↓

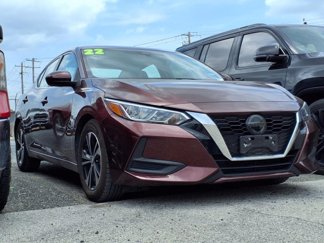 Used 2022 Nissan Sentra SV image 1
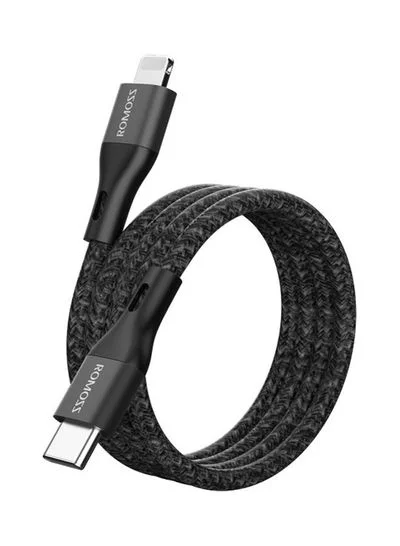 Romoss Type-C to iPhone Cable 2.4A Nylon Braid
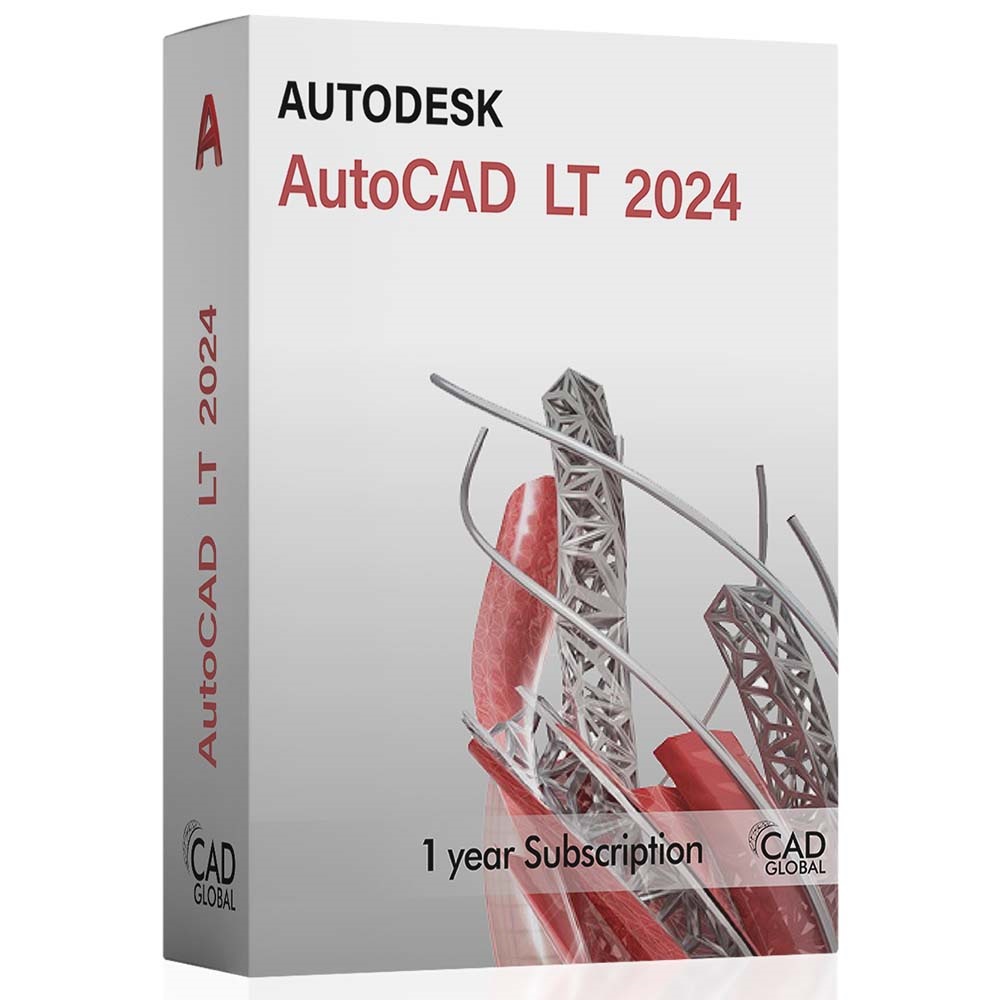 AutoCAD LT 2024 1 year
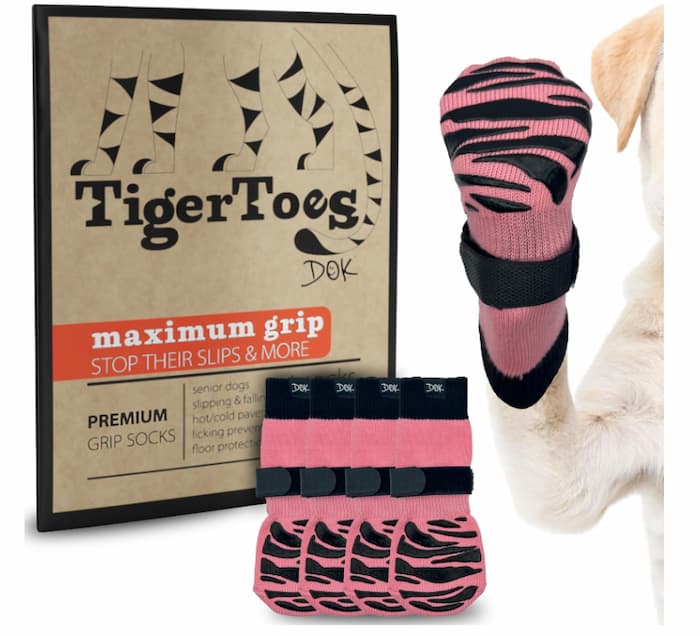 Dog grip socks best sale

↑

_EXERCISE REQUIREMENTS_
Give an exact copy of the data, and omit any pictures it holds.

_OUTPUT BELOW_
 Used 2022 Nissan Sentra SV image 1
 Romoss Type-C to iPhone Cable 2.4A Nylon Braid
 AutoCAD LT 2024 1 year
 Dog grip socks best sale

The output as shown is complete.